I embark to rediscover the beauty of home-grown food
Earlier in my life, picking broad beans and digging potatoes was a family affair in our household. I have fond memories of days spent with my brother and grandparents at the fields. Seasons dictated our duties. In summer, we spent balmy late afternoons twisting balls of melon and watermelon until they gently part with the vine and collecting them in crates. In spring, we would be pulling at the pods from long rows of tall broad bean crops, digging down with the three-prong fork and lifting up forkfuls of potatoes or soaking courgette plants.
As my grandparents grew older and the tough agricultural jobs became too much for them to handle our home-grown fruit and vegetable fare elapsed. Gone were the days when the abundance of broad beans made us eat kosksu every other day, or when their refreshing smell impelled us to feast upon numerous slices of crusty Maltese bread smeared with tomato paste and spotted with these pale green beans.
These nostalgic memories, spun around childhood and food, were acutely revived during my recent outing with a long-time friend. Off we were to spend some hours with his father, Nazzareno, at their field, which enjoys magnificent views of the barren islet of Filfla in the South West of Malta and a multi coloured panorama of the Maltese countryside. In this peaceful and remote area, where you can forget all about the stresses and strains of the daily hustle and bustle, I was overwhelmed with recollections. Easily rekindled by the buzzing sounds of the bees as they approach to rest on yellow sorrel flowers, the earthy smell of the soil as you thread on it, and the explosion of bright greenness, alternating with stretches of pale yellow straw and wine coloured silla flowers, occasionally dotted with the red of ordinary poppies and sun-brilliant yellow marigolds.

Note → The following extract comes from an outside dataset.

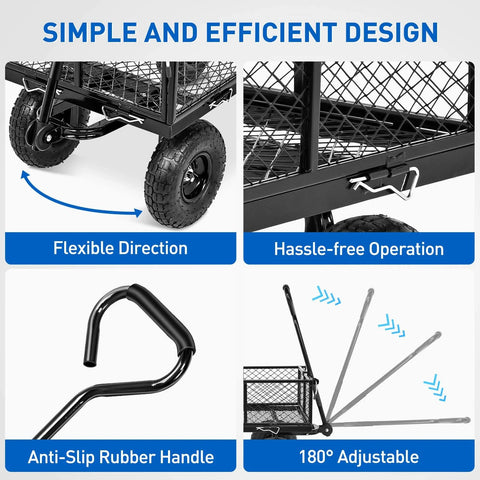 Steel Garden Cart 800 Lb Dump Wagon with All Terrain Inflatable Wheels showing flexible direction, anti-slip handle, and adjustable features.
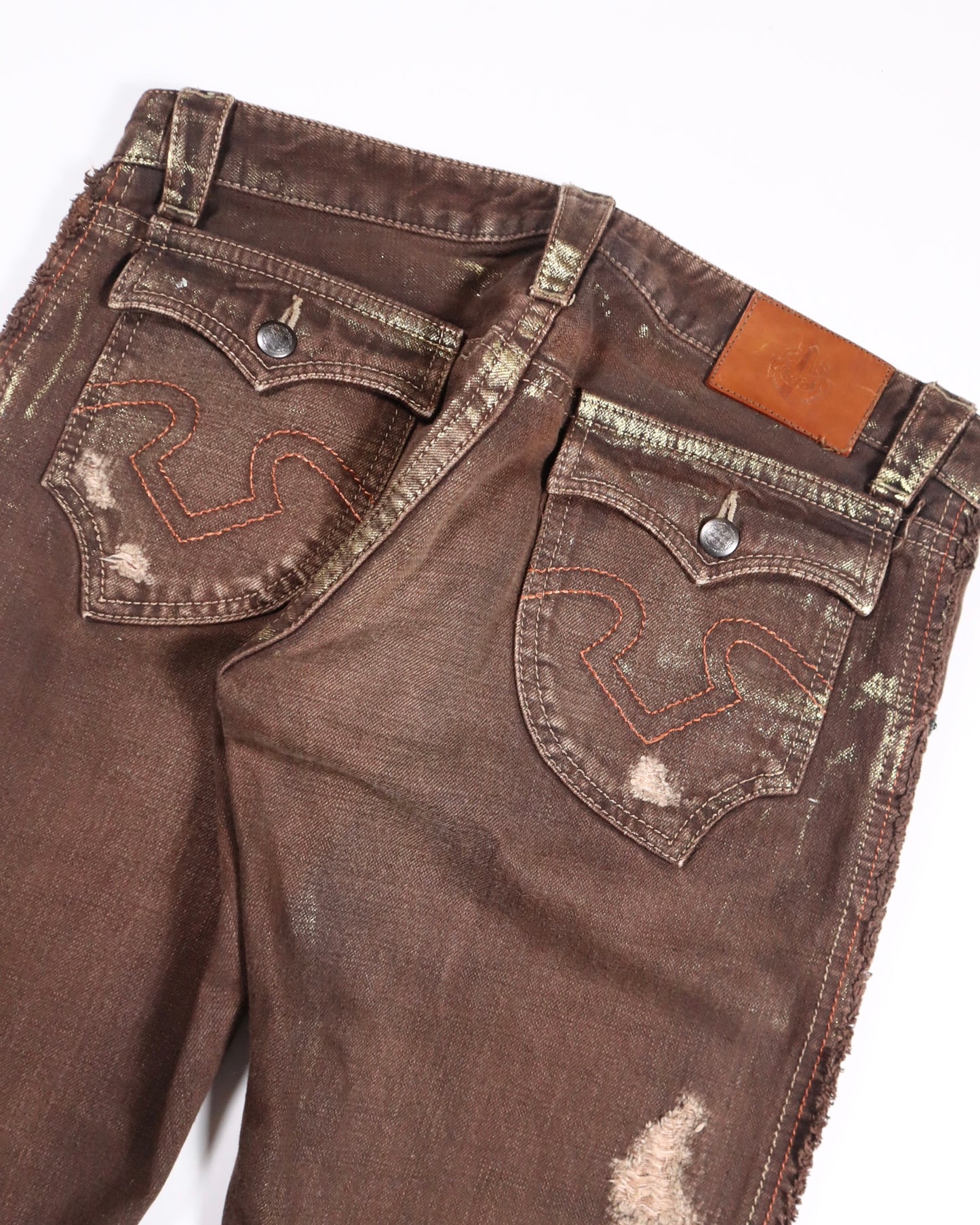 Obelisk Gold Coated Bootcut Jeans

At this time of year, the surface of the fields is a mine of gold for food lovers. This season brings on a luscious selection of vegetables which with their versatility are a source of inspiration in the kitchen and whiff in fresh, warm aromas and flavours after the cold and humid winter. Nazzareno, a tradition embracing and benevolent gentleman, guides me around the crops explaining some crop rotation techniques and the use of natural fertilisers. Proudly, I realise that I could still identify many of the crops, thanks to my precious agricultural adventures with my grandfather.
Broad beans, peas, artichokes, garlic, onions and potatoes are the yield of the hard work of Nazzareno who accepts no compromises and tenders the crops with resilience and dedication. He gladly invests time and energy to provide synthetic pesticide-free provisions for his family and friends. Certainly, the work of a farmer is no walk in the park. The backbreaking work and the dependence on the weather make it hard to understand why people like Nazzareno not only enjoy this unprofitable job but are so passionate about it too. Yet, the reward comes if the yield is abundant and the crops remain healthy. Moreover, being closer to this natural process is part of the well-being of Nazzareno.
Undoubtedly, home-grown food is tastier and fresher than any other you buy from supermarkets or grocer shops. As I pick up broad beans and pop them into my mouth, skin and all, I find their taste irresistibly bittersweet. The earlier the pods are picked the sweeter is the harvest. Same goes for peas; they are best eaten as soon as picked otherwise the sugar in them turns into starch within few hours. You can always freeze any pea and broad bean surplus after lightly blanching them; they will retain their original taste and nutrients.
Growing your own produce may be a demanding assignment yet returning home with a bagful of freshly picked and seasonal ingredients which end up on your plate is particularly rewarding especially on your taste buds. It surely tastes better, it’s fresh, and you know exactly what’s into it!